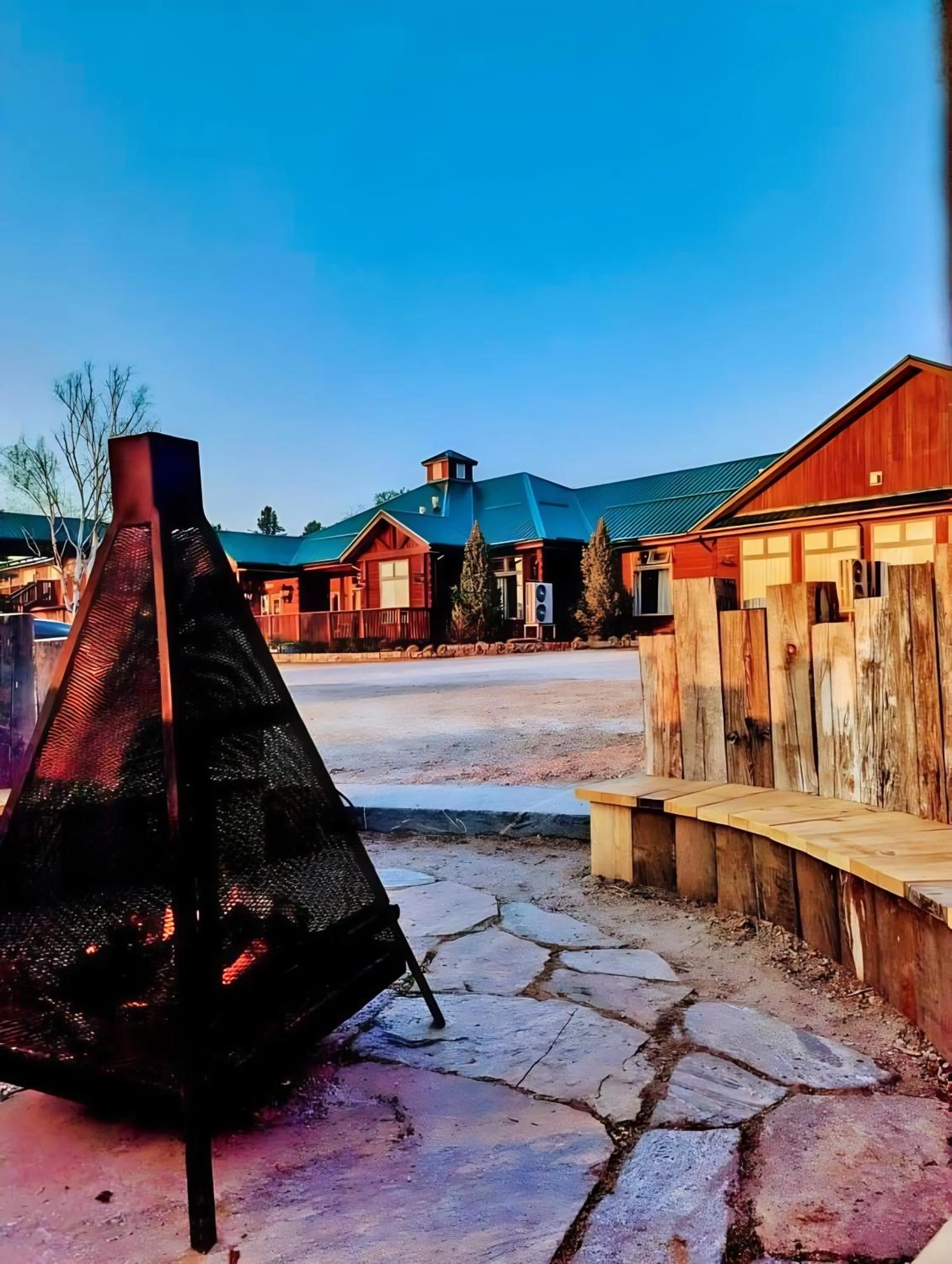 flat iron in Terrace Suites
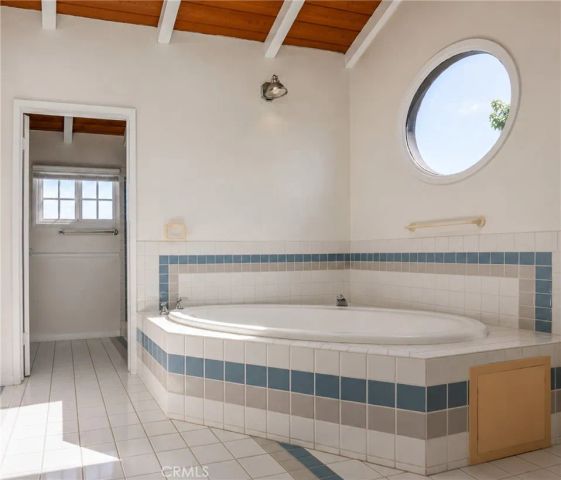 2000 Harkness Street, Manhattan Beach, CA 90266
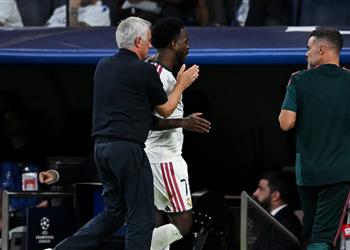 فيديو تصرف مثير من مورينيو تجاه فينيسيوس جونيور خلال مباراة ريال مدريد وإنتر ميلان
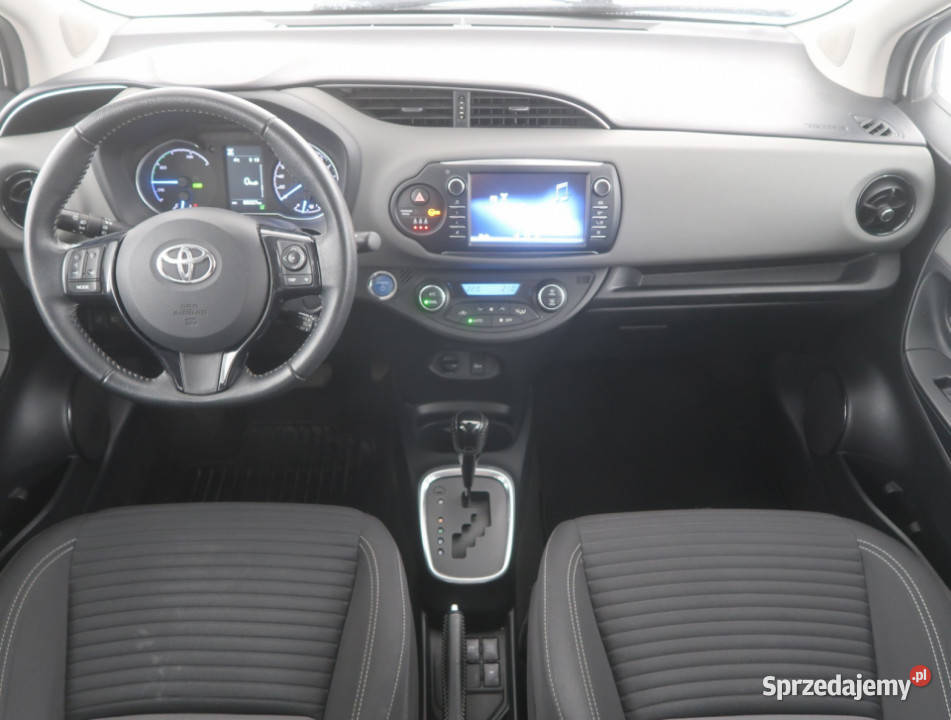 Toyota Yaris 15 Hybrid hybryda Toyota sprzedam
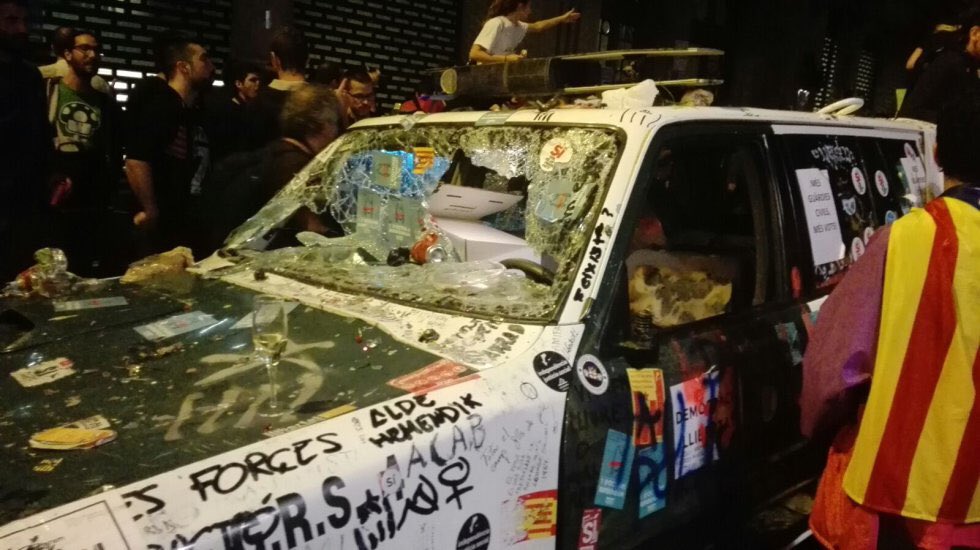 pablocasado_'s tweet photo. Los "pacíficos" independentistas destrozan el coche de la @guardiacivil que protege los derechos y libertades en Cataluña por orden del juez https://t.co/HM4hy4lQg6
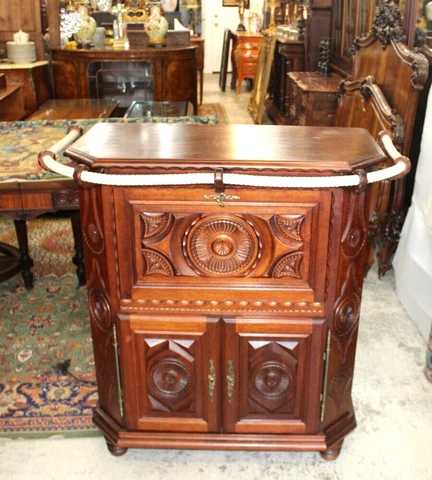 French Antique Mahogany Renaissance Bar Cabinet / Serving bar Cover
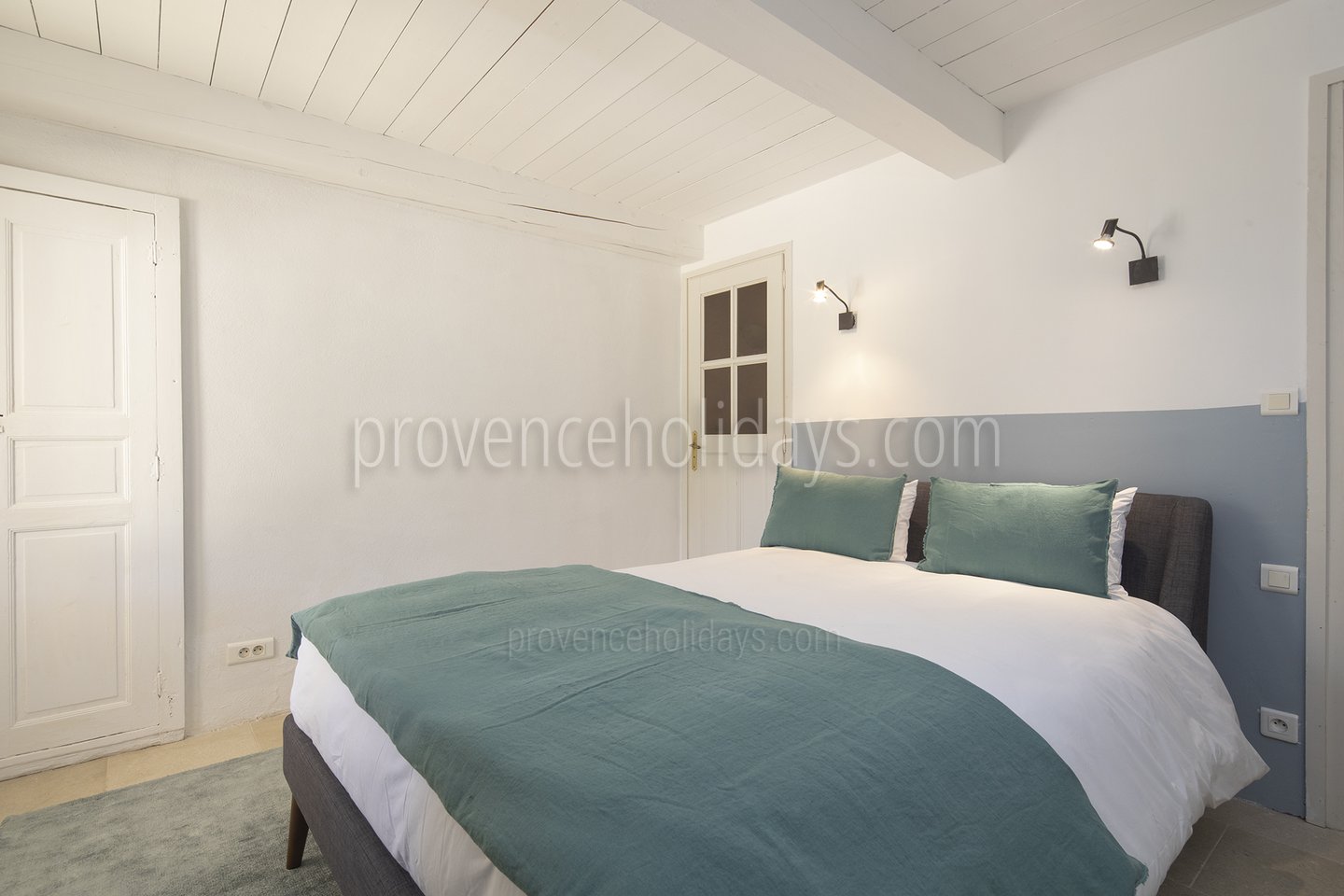 61 - Mas du Carlet: Villa: Bedroom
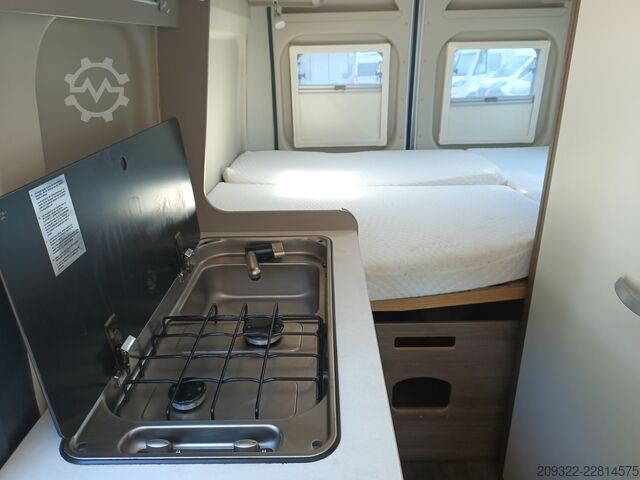 Wohnmobil Peugeot Boxer Carado CV600 del 2024 | Manuale | Completamente equipaggiato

__Exercise description__: The records above are to be repeated word for word, with the pictures omitted.

__Task solution__:
 flat iron in Terrace Suites
 2000 Harkness Street, Manhattan Beach, CA 90266
 فيديو تصرف مثير من مورينيو تجاه فينيسيوس جونيور خلال مباراة ريال مدريد وإنتر ميلان
 Toyota Yaris 15 Hybrid hybryda Toyota sprzedam
 pablocasado_'s tweet photo. Los "pacíficos" independentistas destrozan el coche de la @guardiacivil que protege los derechos y libertades en Cataluña por orden del juez https://t.co/HM4hy4lQg6
 French Antique Mahogany Renaissance Bar Cabinet / Serving bar Cover
 61 - Mas du Carlet: Villa: Bedroom
 Wohnmobil Peugeot Boxer Carado CV600 del 2024 | Manuale | Completamente equipaggiato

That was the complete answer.